### MATERIAL FOR THE TASK
——————————

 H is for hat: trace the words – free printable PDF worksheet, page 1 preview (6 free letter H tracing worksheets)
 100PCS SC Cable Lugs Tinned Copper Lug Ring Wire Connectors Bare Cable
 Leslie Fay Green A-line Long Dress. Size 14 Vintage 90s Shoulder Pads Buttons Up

——————————

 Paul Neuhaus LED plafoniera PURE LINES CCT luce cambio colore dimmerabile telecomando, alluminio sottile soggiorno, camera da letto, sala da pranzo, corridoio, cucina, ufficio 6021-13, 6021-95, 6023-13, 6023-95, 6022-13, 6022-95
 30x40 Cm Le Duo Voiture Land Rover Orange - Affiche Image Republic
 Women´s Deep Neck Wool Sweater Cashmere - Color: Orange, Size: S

——————————

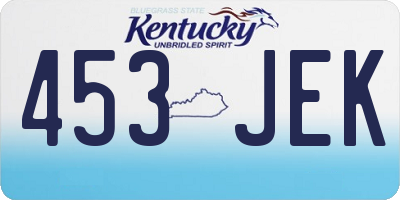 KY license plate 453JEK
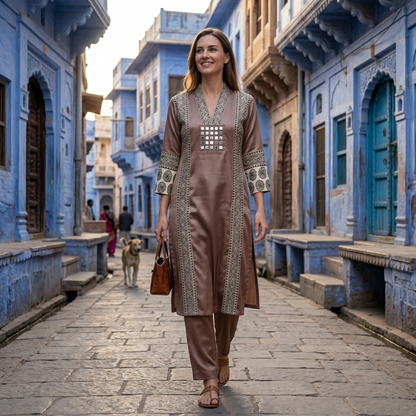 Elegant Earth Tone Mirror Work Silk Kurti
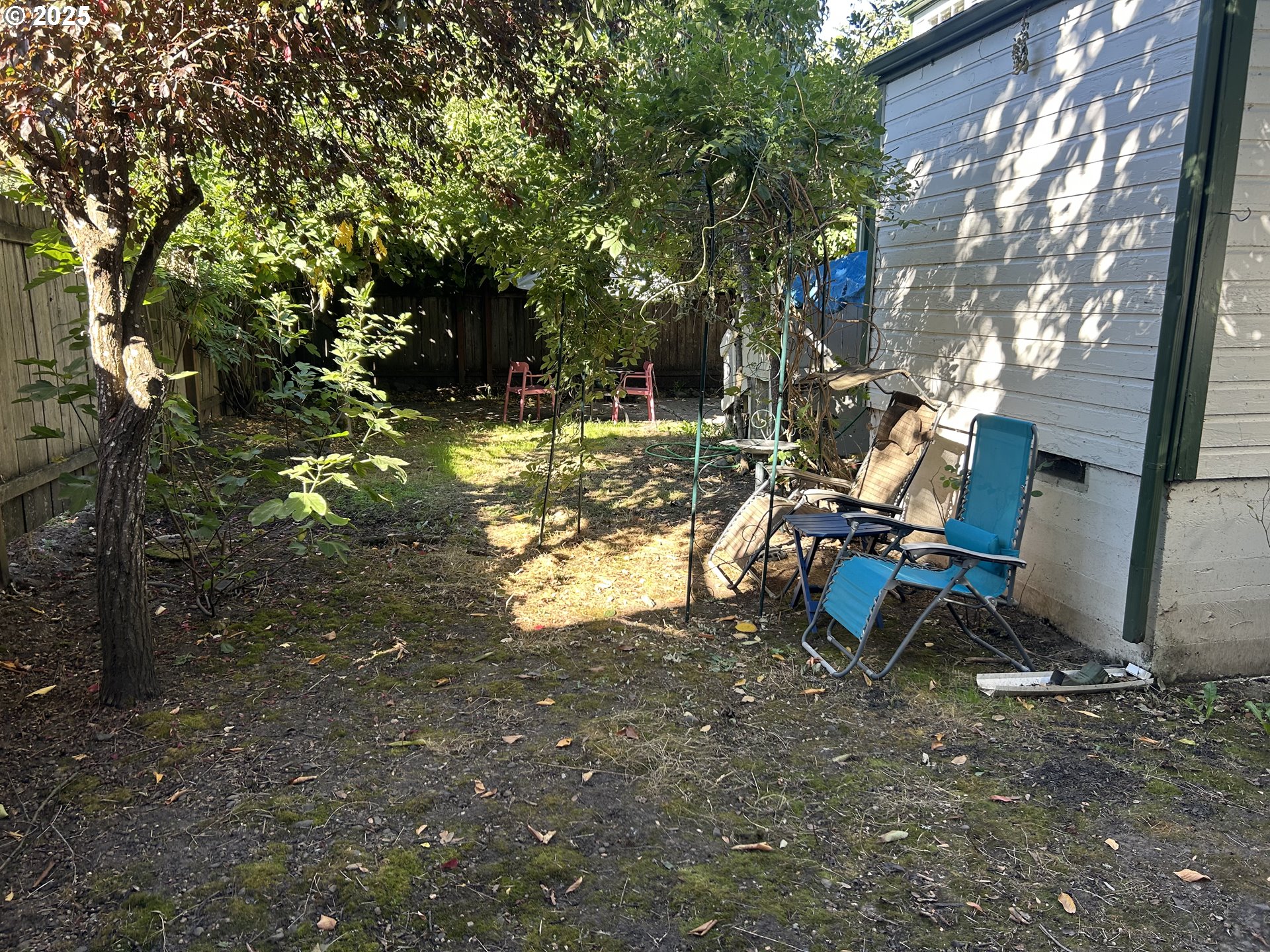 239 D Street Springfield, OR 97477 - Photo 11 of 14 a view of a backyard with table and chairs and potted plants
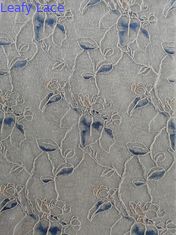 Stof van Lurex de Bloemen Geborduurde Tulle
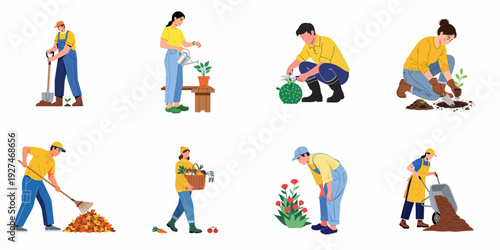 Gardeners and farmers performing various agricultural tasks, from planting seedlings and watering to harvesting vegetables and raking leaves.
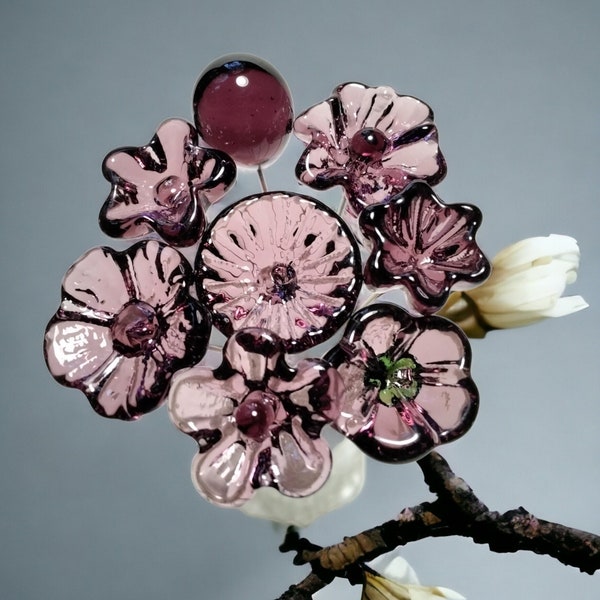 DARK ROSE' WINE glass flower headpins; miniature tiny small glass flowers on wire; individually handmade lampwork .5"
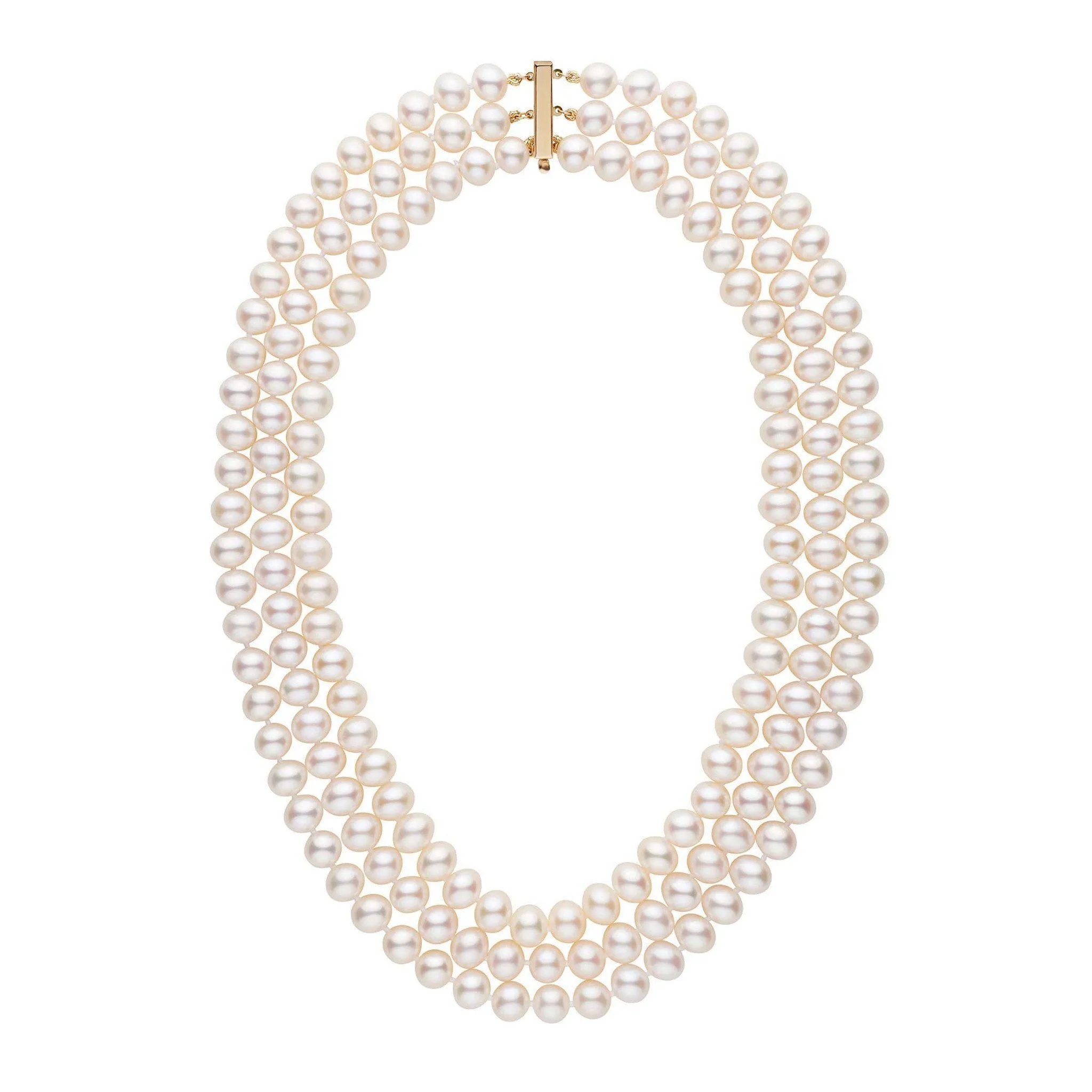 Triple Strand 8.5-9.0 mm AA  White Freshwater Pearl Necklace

——————————

### WORK REQUIRED
Give only the number of lines in the entries that contain "Size".

### WRITTEN REPLY
2